[HACKERS] Proposed COLLATE implementation

Martijn van Oosterhout Tue, 27 Dec 2005 05:30:21 -0800

Greetings all,

If you're not interested in COLLATE, operator classes or related
things, stop now, this is quite a long email.


Firstly, status. PostgreSQL doesn't really support collations at all.
The order of strings is defined at initdb time by the locale then and
cannot be changed later. We allow lists to be sorted in either
ascending or decending order but that's about it. Whatever order there
is is deduced from b-tree operator classes.

The purpose of this patch is to raise collations to (reasonably) first
class object. The idea is that you can define a collation across any
type and that you will then be able to ORDER BY, GROUP BY and INDEX
using that collation. A collation defines both order and equality.

The SQL standard does define COLLATE although they only apply that to
character strings. There are no predefined collations in the standard.
There are rules about how collations and collation states propegate
from the leaves of the parse tree all the way to the root. In its
simplest form, columns and constants have defined collations which
modify the behaviour of functions using these values. At any point in
the parse tree the user can override the collation with an explicit
<collate clause>. If there is ambiguity about what collation applies at
any point for a function that needs to know, this is a error.

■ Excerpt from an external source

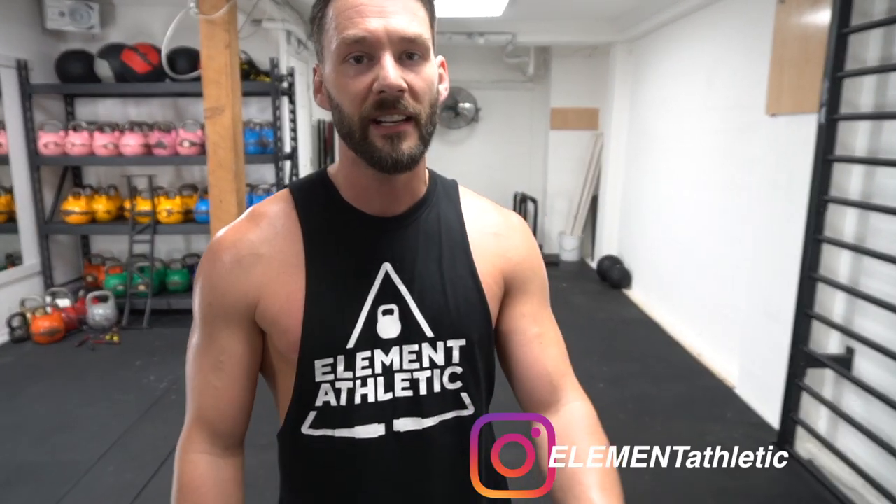I'm totally out of breath — that was an awesome workout. Thanks for joining me. If you want more workouts like this, more jump rope tips, please leave a comment down there, like and subscribe to the channel. Get us at any of our social media links. As always, I'll be back with more jump rope videos and workouts for you. Until then.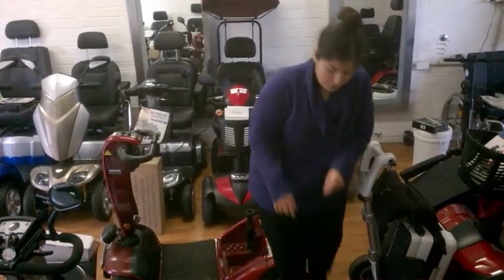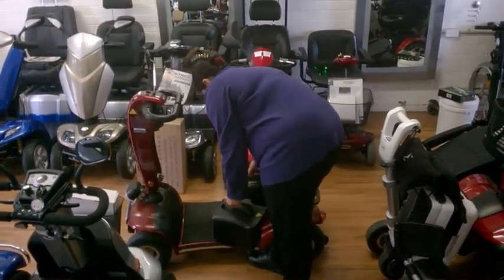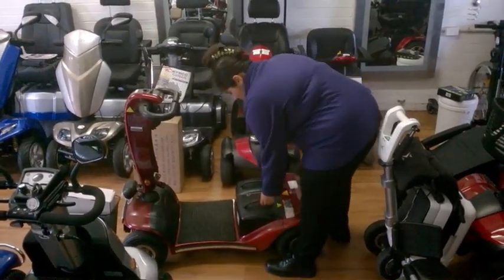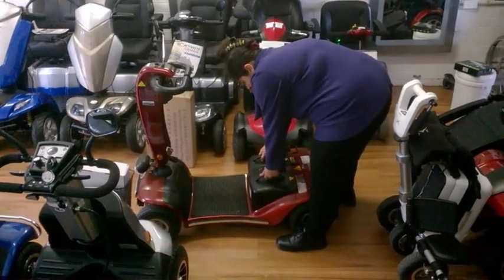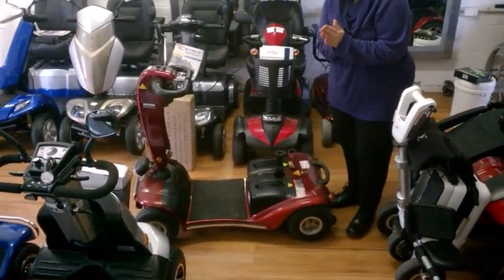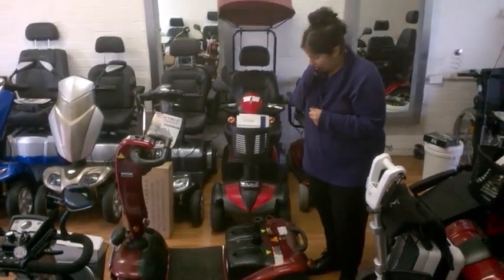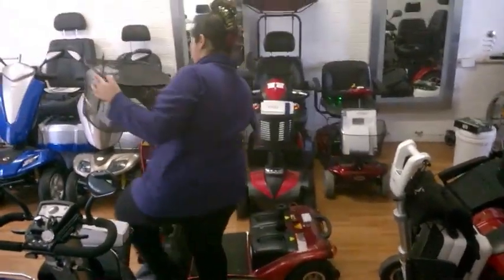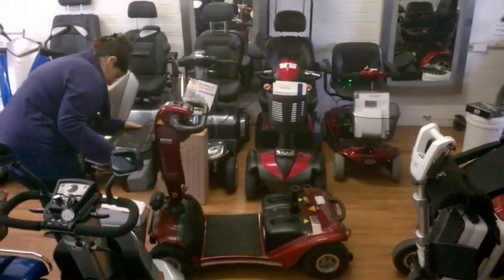The next step is to put the batteries back in, one at a time. Make sure they're sitting nicely together and lying flat — if they're not together properly you won't get proper power. Then get the basket back on, just like this.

All this is parse-time analysis.

Proposed Implementation:

NODES

To implement the above, two new node types are created: CollateClause
which represents the <collate clause> in SQL syntax, and CollateState
which represents the actual state at any node. Currently the only nodes
expected to require these are OpExpr, FuncExpr, Var and Const. Although
I guess it may apply to any node that can be used in an expression.

CATALOG CHANGES

To track collations requires a new table in the catalog, which I have
named pg_collations. It contains the following fields:

Oid oid;           -- OID for this collation
Name collname;     -- Name of the collation (for collate clause)
bool collasc;      -- Ascending or descending
Oid  collopclass;  -- Implementing Operator Class
int4 colltype;     -- Currently, 0=simple, 1=uses locale
Oid colllocale;    -- Locale in pg_locales

(Should we be identifying the type here? or is it ok to lookup the type
via the operator class).

The first few fields name the collation so it can be referred to by the
user. Then the collasc field determines how to use the operator class
as given in the collopclass field. If it indicates descending order, it
will invert the sense of the operator class. For example, asking for
the GT op for a reverse collation will actually return the LT operator
for the operator class.

The purpose of the colltype and colllocale fields are described further
down.

The important thing at this point is that by specifying a collation you
are also specifying an operator class. At the moment the ascending and
descending collations for each type are hard-coded for initdb. At the
moment they have been allocated OIDs starting at 2800, which is the
first large available block.

Each column of a table has a default collation, which defaults to the
default collation of the type but can be specified in the table
declaration. To store this requires an additional column in
pg_attribute (attcollate) which contains the OID of the collation for
that column. When it is referenced in a query, this collation is copied
to the CollateState node of the Var node, from whence it can affect the
query.

Finally, to allow the parser to complain about ambiguous CollateStates,
we need to indicate which functions actually need a senseble collate
state to function. To this end a single boolean field has been added to
pg_proc (proneedcollate). If this is true, the parser should error out
when the collation state is COLLATE_NONE.

INDEXES

Another place you will be allowed to use the collate clause is while
creating indexes. If you declare an index using a particular collation,
it can be used in queries that order by the same collation. Note, that
the collate clause indicates the operator class, so you can either
specify one or the other, but not both.

So each column of an index will also have a collation. However,
pg_attribute has already got an extra field to store the collation for
columns so it makes sense to store the collation here. In the process
the pg_index.indclass field becomes redundant as it can be inferred
from the pg_attribute rows associated with the index.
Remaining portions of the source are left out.